■ Action item: Once the line containing "White - Front" is found in the records below, return it and each following line exactly, up to and including the line containing "Runner Afghan Rug", and nothing else.

■ Dataset:
====
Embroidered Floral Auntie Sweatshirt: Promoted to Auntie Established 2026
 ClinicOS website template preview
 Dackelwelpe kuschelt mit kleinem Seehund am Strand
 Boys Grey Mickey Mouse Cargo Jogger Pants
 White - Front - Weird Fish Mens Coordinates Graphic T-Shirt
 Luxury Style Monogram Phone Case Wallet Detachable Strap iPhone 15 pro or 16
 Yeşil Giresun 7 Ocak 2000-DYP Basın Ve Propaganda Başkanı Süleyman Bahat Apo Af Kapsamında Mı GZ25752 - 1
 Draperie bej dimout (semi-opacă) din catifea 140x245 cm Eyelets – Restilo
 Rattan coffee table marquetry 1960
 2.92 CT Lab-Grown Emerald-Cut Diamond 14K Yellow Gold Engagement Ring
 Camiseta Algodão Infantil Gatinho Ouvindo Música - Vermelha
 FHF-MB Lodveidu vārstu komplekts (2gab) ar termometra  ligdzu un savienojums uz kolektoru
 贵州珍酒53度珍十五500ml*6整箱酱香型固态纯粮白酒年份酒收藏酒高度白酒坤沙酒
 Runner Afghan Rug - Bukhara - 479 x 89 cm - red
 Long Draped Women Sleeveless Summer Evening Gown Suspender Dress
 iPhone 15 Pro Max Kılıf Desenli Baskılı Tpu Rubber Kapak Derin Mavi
====
■ Solution for this problem:
 White - Front - Weird Fish Mens Coordinates Graphic T-Shirt
 Luxury Style Monogram Phone Case Wallet Detachable Strap iPhone 15 pro or 16
 Yeşil Giresun 7 Ocak 2000-DYP Basın Ve Propaganda Başkanı Süleyman Bahat Apo Af Kapsamında Mı GZ25752 - 1
 Draperie bej dimout (semi-opacă) din catifea 140x245 cm Eyelets – Restilo
 Rattan coffee table marquetry 1960
 2.92 CT Lab-Grown Emerald-Cut Diamond 14K Yellow Gold Engagement Ring
 Camiseta Algodão Infantil Gatinho Ouvindo Música - Vermelha
 FHF-MB Lodveidu vārstu komplekts (2gab) ar termometra  ligdzu un savienojums uz kolektoru
 贵州珍酒53度珍十五500ml*6整箱酱香型固态纯粮白酒年份酒收藏酒高度白酒坤沙酒
 Runner Afghan Rug - Bukhara - 479 x 89 cm - red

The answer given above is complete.